PRIMARY ROLE & RESPONSIBILITIES
- Support the implementation and design of containerized systems utilizing CI/CD and Kubernetes
- Deploying and administering Kubernetes clusters in multi-cloud environments
- Configure Linux systems and software packages
- Collaborate with the team on procedural knowledge of what is to be automated
- Automate operational tasks and assist in the transition to service ownership models
- Collaborate across project teams to simplify and improve software lifecycle processes
- Manage and maintain infrastructure as code
- Provision and configure cloud assets using scripts, API’s, CLI’s and management consoles
- Conduct Production Readiness Reviews (PRRs) to determine the reliability of systems before release
- Participate in postmortem reviews
Qualifications
REQUIREMENTS
- Recent practical experience and background working with 3 years of Kubernetes experience
- Expertise in designing, analyzing, and troubleshooting large-scale distributed systems
- Ability to debug, optimize scripts, and automate routine tasks.
- Ideally have a systematic problem-solving approach coupled with strong communication skills and a sense of ownership and drive.

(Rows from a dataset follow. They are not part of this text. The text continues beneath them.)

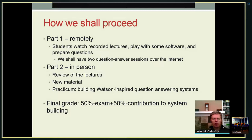We're going to have two ways of participating in this class. One way is remotely, which is what we are doing right now and what you are doing as part of your homework. The second part is in mid-May when I come to Warsaw: we're going to do some review of the lectures and focus on building as much of the system as possible. The final grade will be based on exams — about eight to ten questions — and the rest will be your contributions to building the system. If you contribute more, you're going to get a better grade.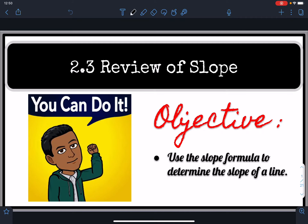Hello, thank you for watching this video on slope. In this video, I'm going to review the formula for finding the slope of a line, and we'll be using the slope formula itself, and then using the ratio of rise over run.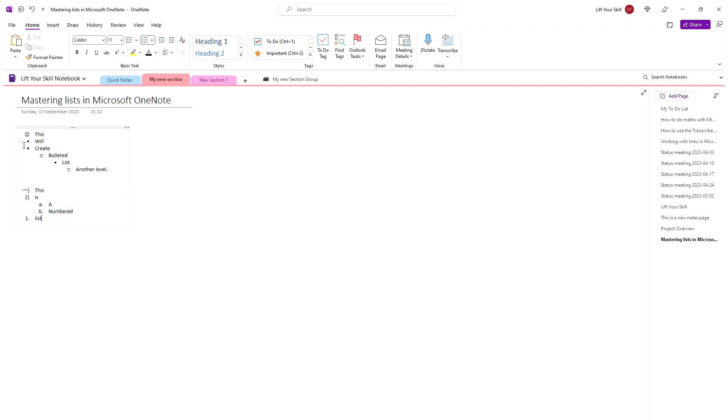Please note that these changes will be applied only to the currently selected list item. If you want to change formatting for more items or the whole list, you have to mark all the items and then apply formatting.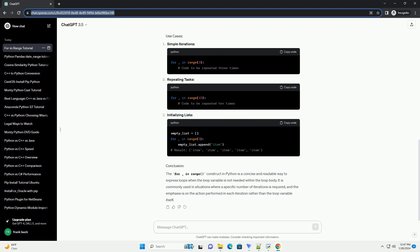The For Underscore In Range construct in Python is commonly used for iterating a specific number of times. The underscore is a placeholder for a variable that you don't intend to use inside the loop. This convention is commonly used when the loop variable is not needed in the loop body. Here's a tutorial explaining the For Underscore In Range construct with code examples.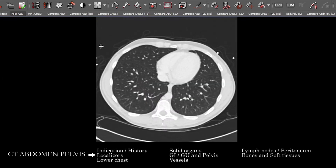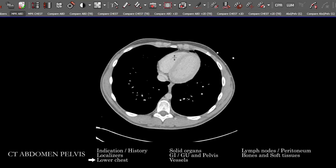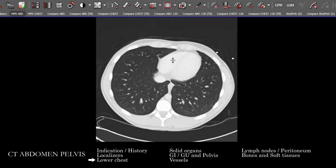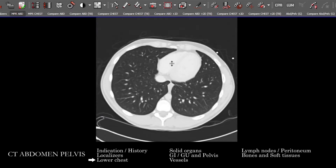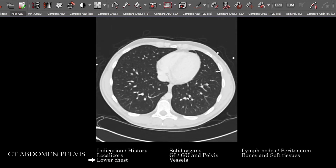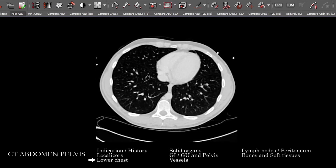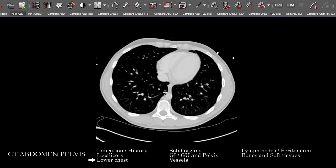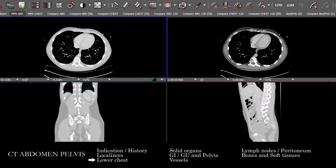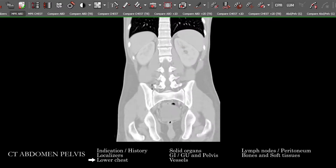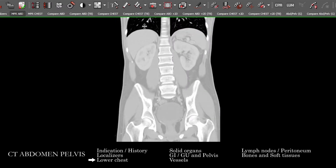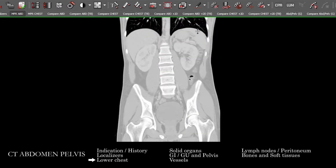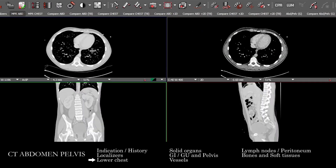Starting off the search pattern, I like to first take a look at the lower chest. Frequently people just look at the lung bases for abnormal nodules, consolidation, and ground glass opacity, but it's also very good practice on every study to look at the pulmonary arterial vasculature as you see it, especially on multiple projections, as you may incidentally see a pulmonary embolus or other sort of vascular pathology there.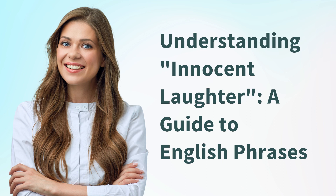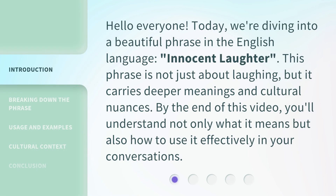Understanding Innocent Laughter: A Guide to English Phrases. Hello everyone! Today, we're diving into a beautiful phrase in the English language — Innocent Laughter. This phrase is not just about laughing, but it carries deeper meanings and cultural nuances. By the end of this video, you'll understand not only what it means but also how to use it effectively in your conversations.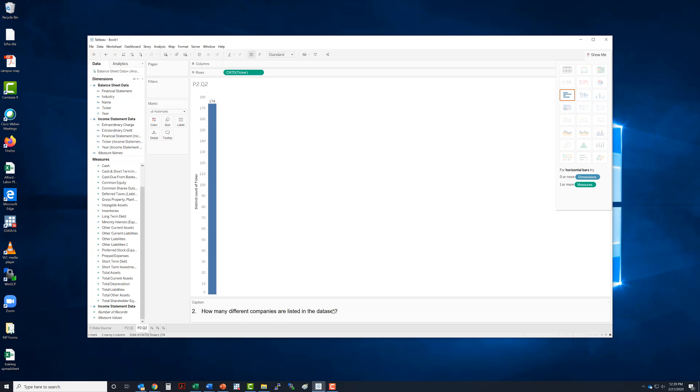How many different companies are listed in this data set? 174. All right. That's the end of the third video.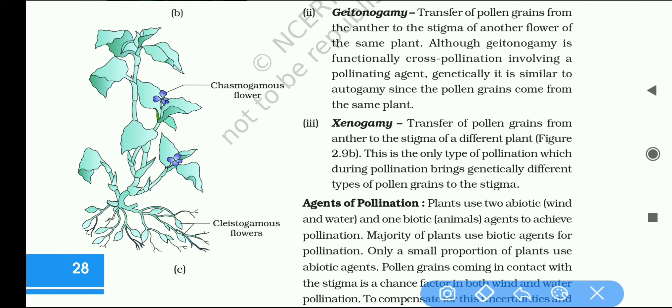Xenogamy is the transfer of pollen grains from the anther to the stigma of a different plant.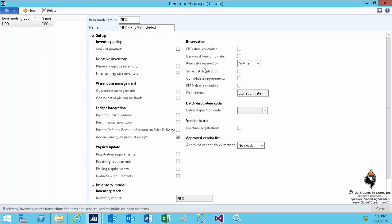But as you notice, if I select this and make it stockable, then I have the capability to select many of these checkboxes, which I'm going to spend lots of time discussing one by one.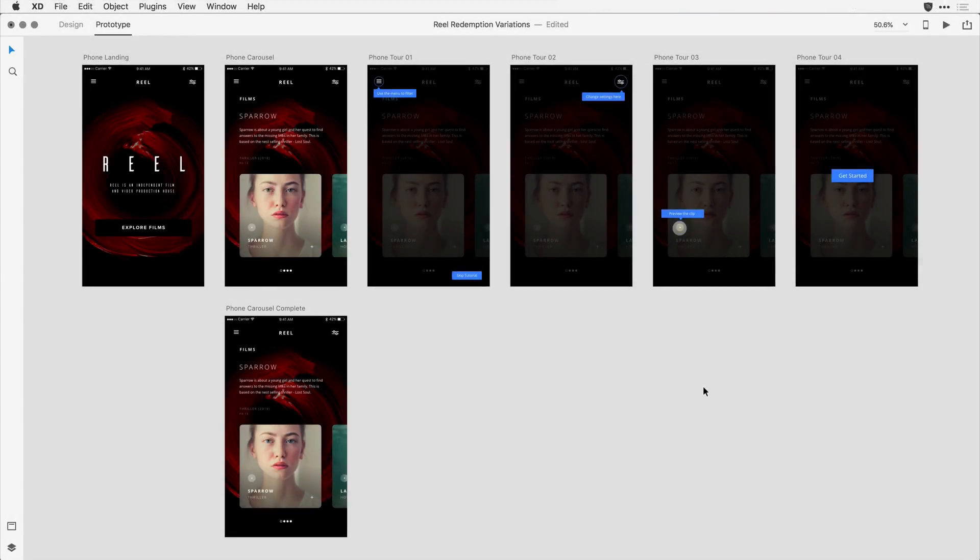With the time transition feature in Adobe XD, you have greater control over the timing of transitions between artboards, including duration, delay, loop, and easing. With this feature, I can easily simulate a simple time-based workflow right here within the application.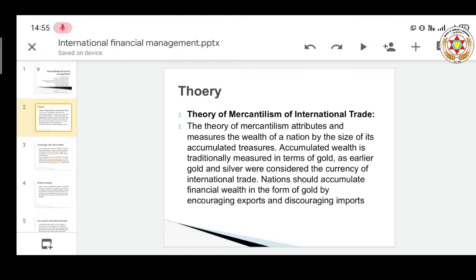Moving to the theory of mercantilism: in mercantilism, the wealth of a nation is measured by the size of its accumulated treasures — accumulated wealth means gold, silver, or any precious metal or internationally valued asset. In earlier times, gold was considered the most important factor to measure how wealthy a country is in terms of economic growth and development, and a country's purchasing power depended on the amount of gold it held.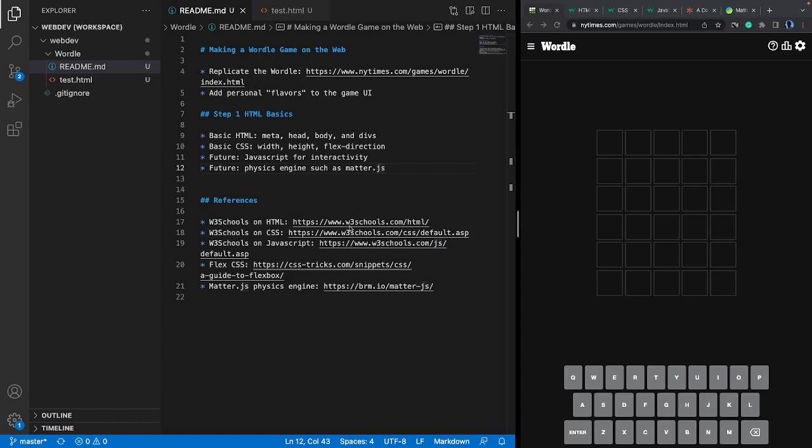In the future we'll also need to introduce JavaScript so that users can interact with the game. For example, when you click on a letter on the keyboard it's going to show the letter on the interface, and depending on whether your letters match the actual word, it's going to show you different colors — and that will require JavaScript.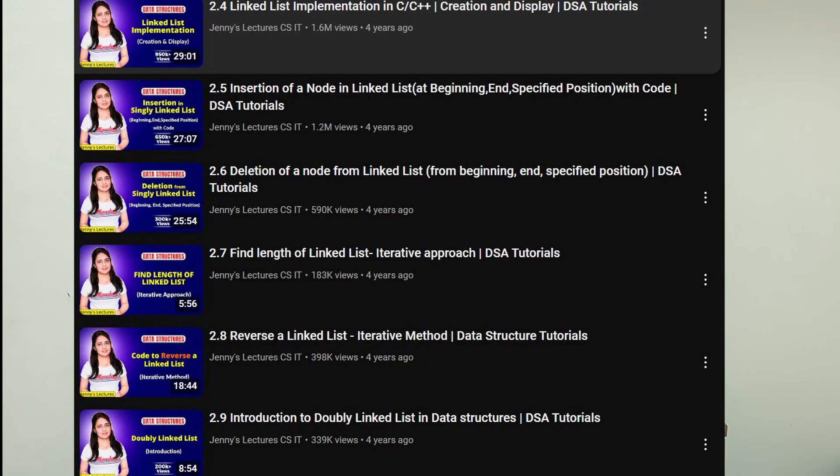For data structures, one more person I should name is Jenny's Lectures. Jenny has an entire playlist on data structures where she explains theoretical concepts really well. If you watch her linked list videos, you'll start to understand everything in detail — how the data structure works, how it is used, why it is used, and all the basic concepts. So you can follow Jenny's Lectures for understanding the theoretical concepts of data structures.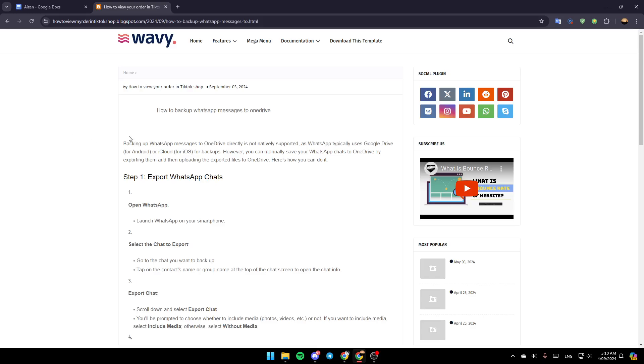Backing up WhatsApp messages to OneDrive directly is not natively supported, as WhatsApp typically uses Google Drive for Android or iCloud for iOS for backups.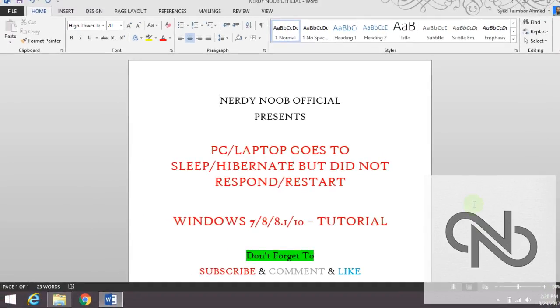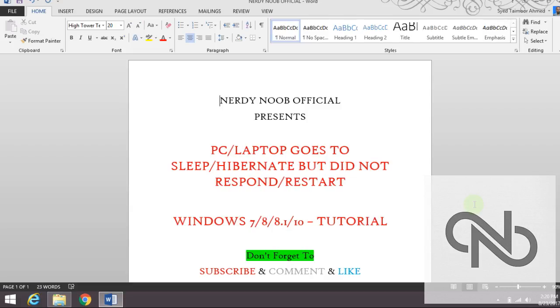Assalamualaikum YouTube everyone. Today we are going to learn what to do when our PC goes to hibernate mode, or as you can also say, sleep mode, and when we try to turn it on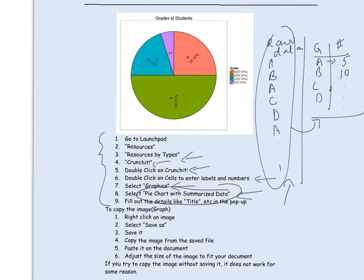To use a graph in a document, follow the instructions for copying the graph from CrunchIt. The image cannot be copied directly from CrunchIt and pasted into another document. Instead, right-click on the image, save it to one of your folders, and then copy and paste it into your document. When you hand in homework, you'll produce graphs on CrunchIt, save the image, and copy-paste it — so you don't have to draw graphs by hand.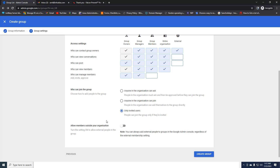The last option, 'Allow Members Outside Your Organization,' is a very critical setting. It means that if you allow it, someone with an external email like abc@gmail.com can be added to the group. By default this is off. If your business requires adding someone from an external domain, you need to turn this on — then only can you invite or add email addresses from external domains like @gmail.com or @xyz.com. I'm going to proceed and create the group.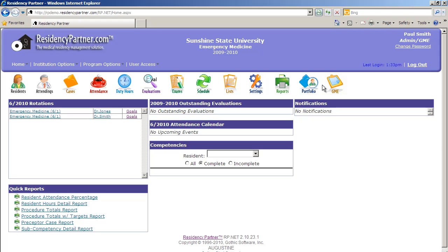This has been a demonstration of how to add a resident, how to look at the rotation template, and how to actually create a rotation block schedule in Residency Partner. Thank you for watching, and if you have any questions, please send an email to paul.smith@residencypartner.com. Thank you.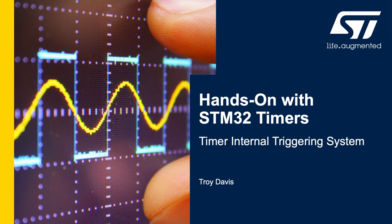Hey, this is Troy with STMicroelectronics, and in this video I'm going to take you through an example project that uses the internal triggering system of the STM32 timers.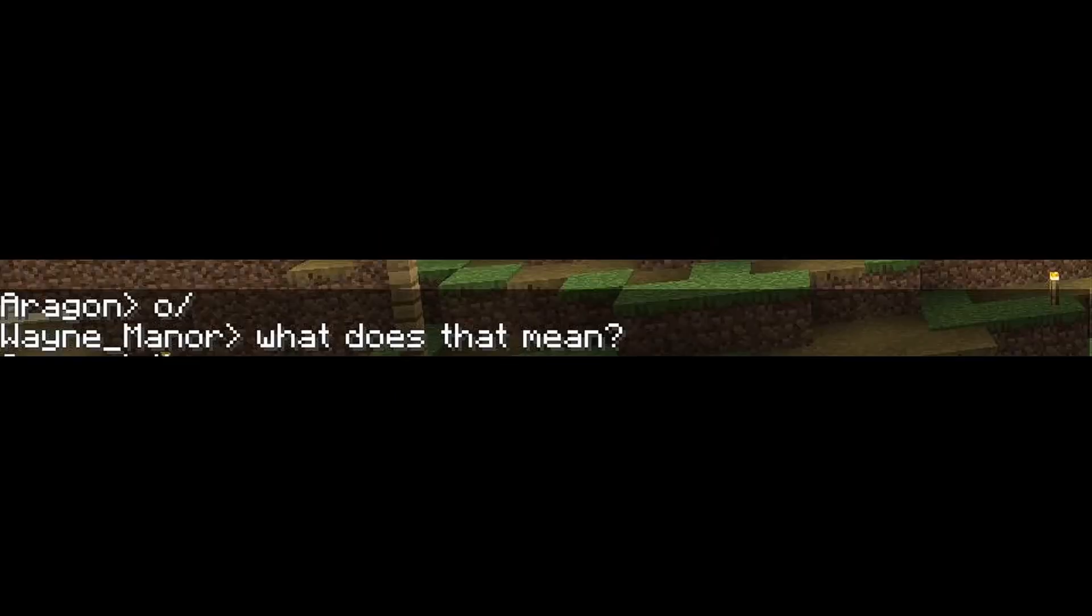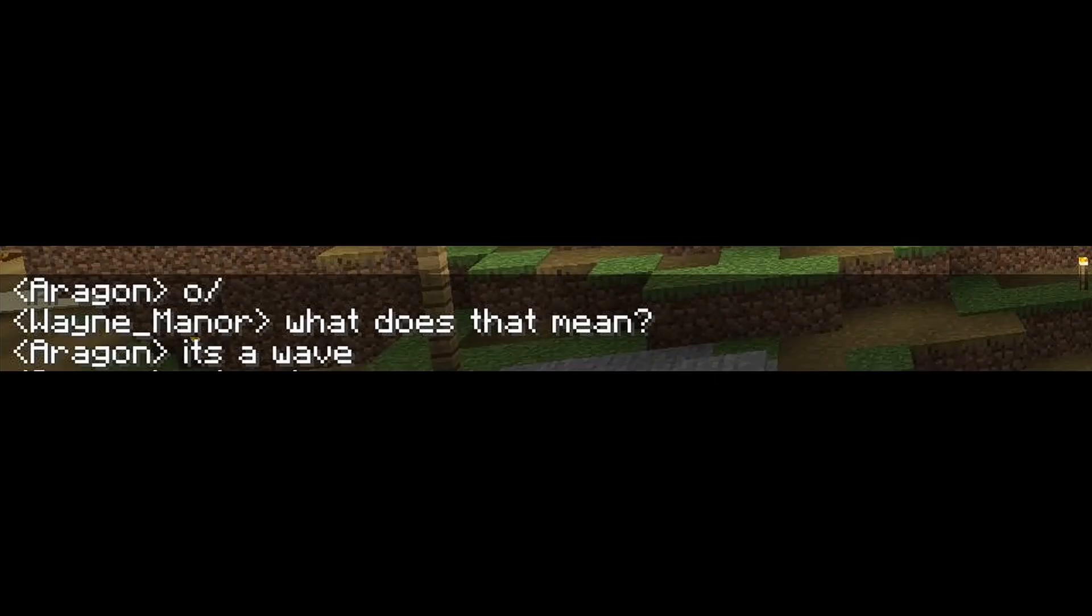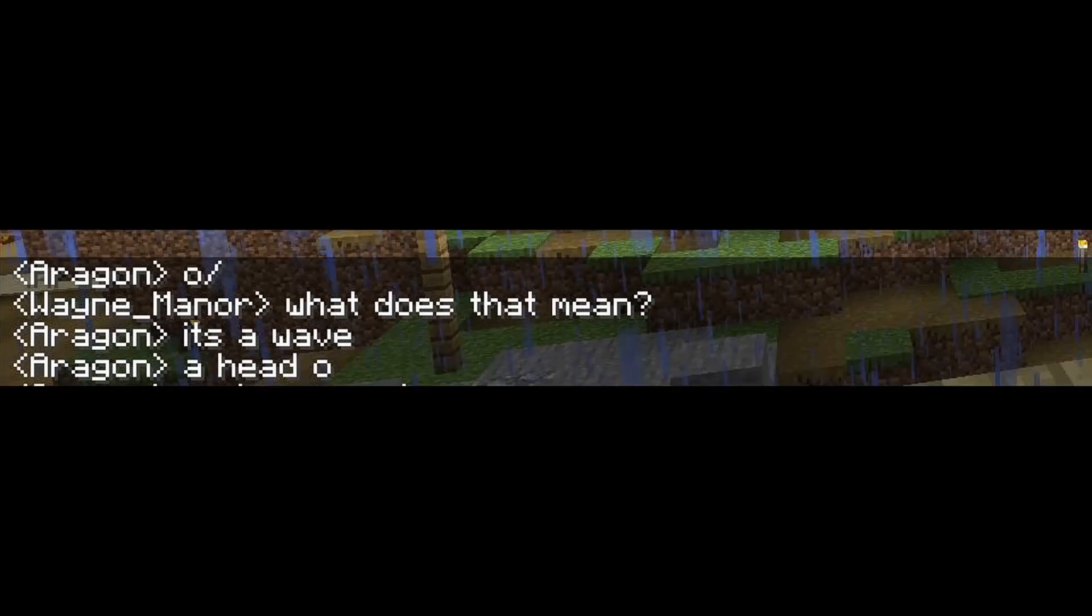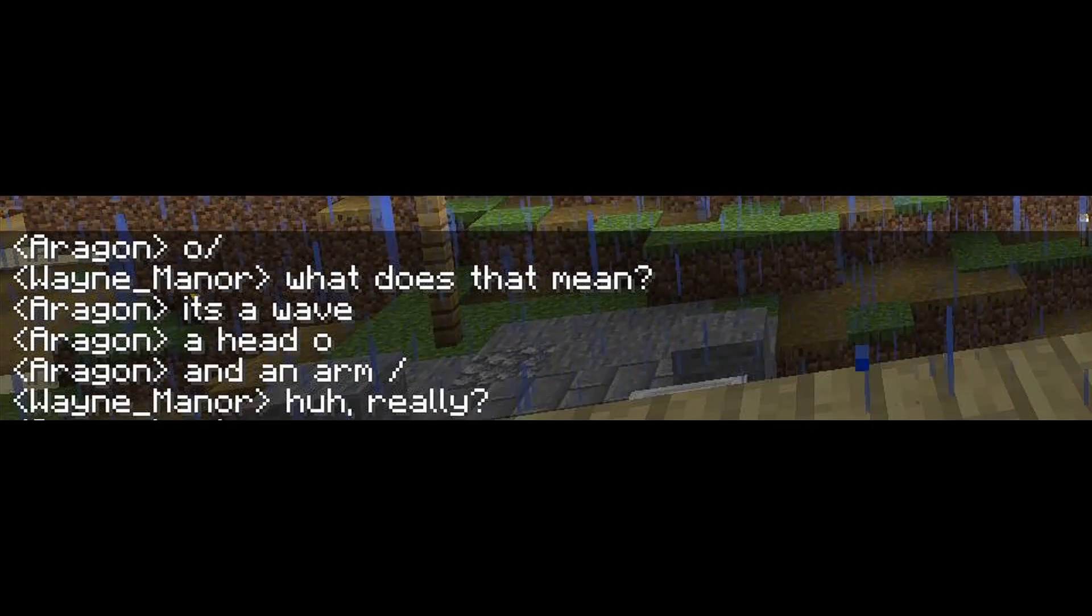One of the members asked, what does that mean? And funnily enough, it's just a wave. You have the head, the arm.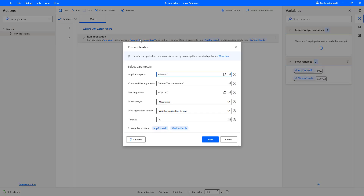I hope you understand how to work with the Run Application action — both to execute an application and to open a document by executing the associated application. We have seen different examples to understand Run Application as part of this tutorial. Thank you.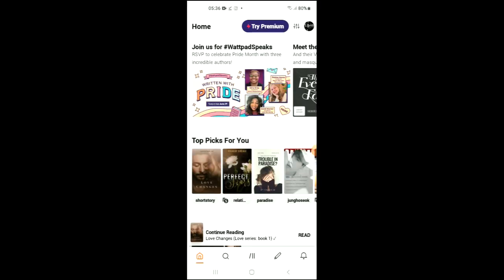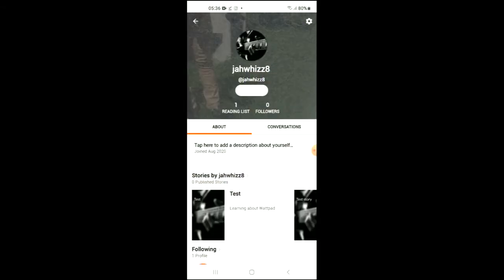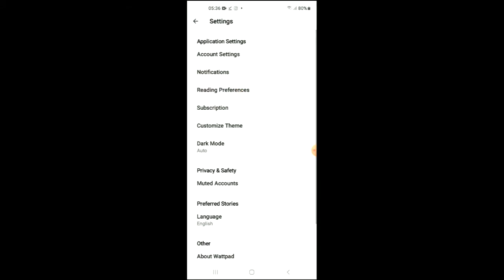Then you're going to tap on your profile photo in the top right-hand corner. From there, you're going to tap on Settings in the top right-hand corner again, and you're going to tap on Reading Preferences.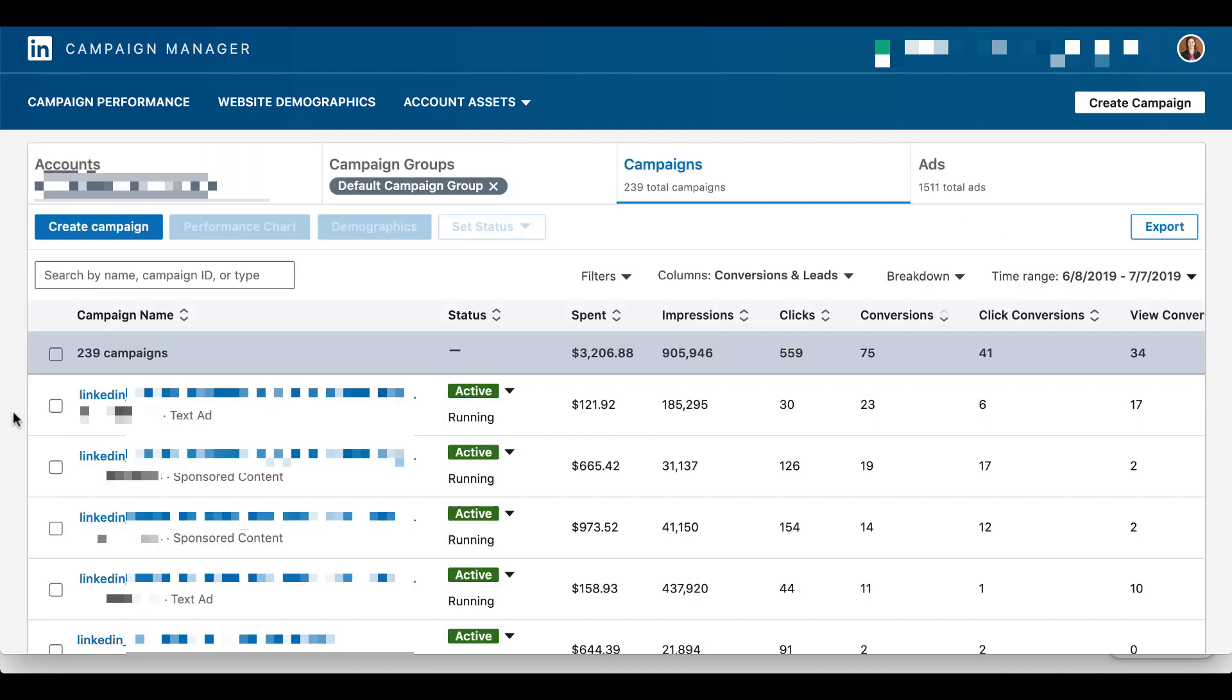So once you're back into the campaign manager, we can start to see campaign level data, but we've got to adjust things a little bit first. So you can see here that there are a couple of buttons that are grayed out. One of them, namely, is demographics, and that's what we want.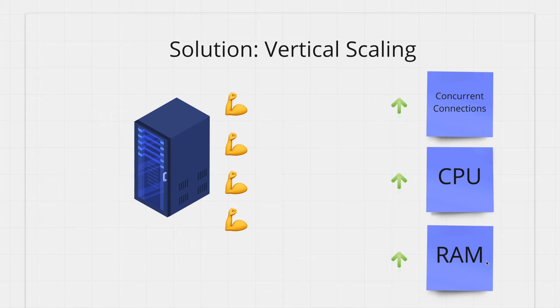This is known as vertical scaling because as you're scaling you're just buying bigger and taller machines to satisfy the demand. The bigger and more powerful the machine the more expensive it gets.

- Cloud experience: AWS, Azure, and other cloud platforms
- Experience with: Cassandra, Argo CD, Chart Museum, ChatOps
- Experience with Terraform, Ansible, Vault, and Jenkins administration
- Experience with Linux operating systems and networking engineering
- Experience with monitoring systems such as DataDog and Prometheus
- Experience with Continuous Delivery
- Ability to define Service Level Indicators (SLIs) and Service Level Objectives (SLOs)
- Bachelor’s degree or equivalent level of experience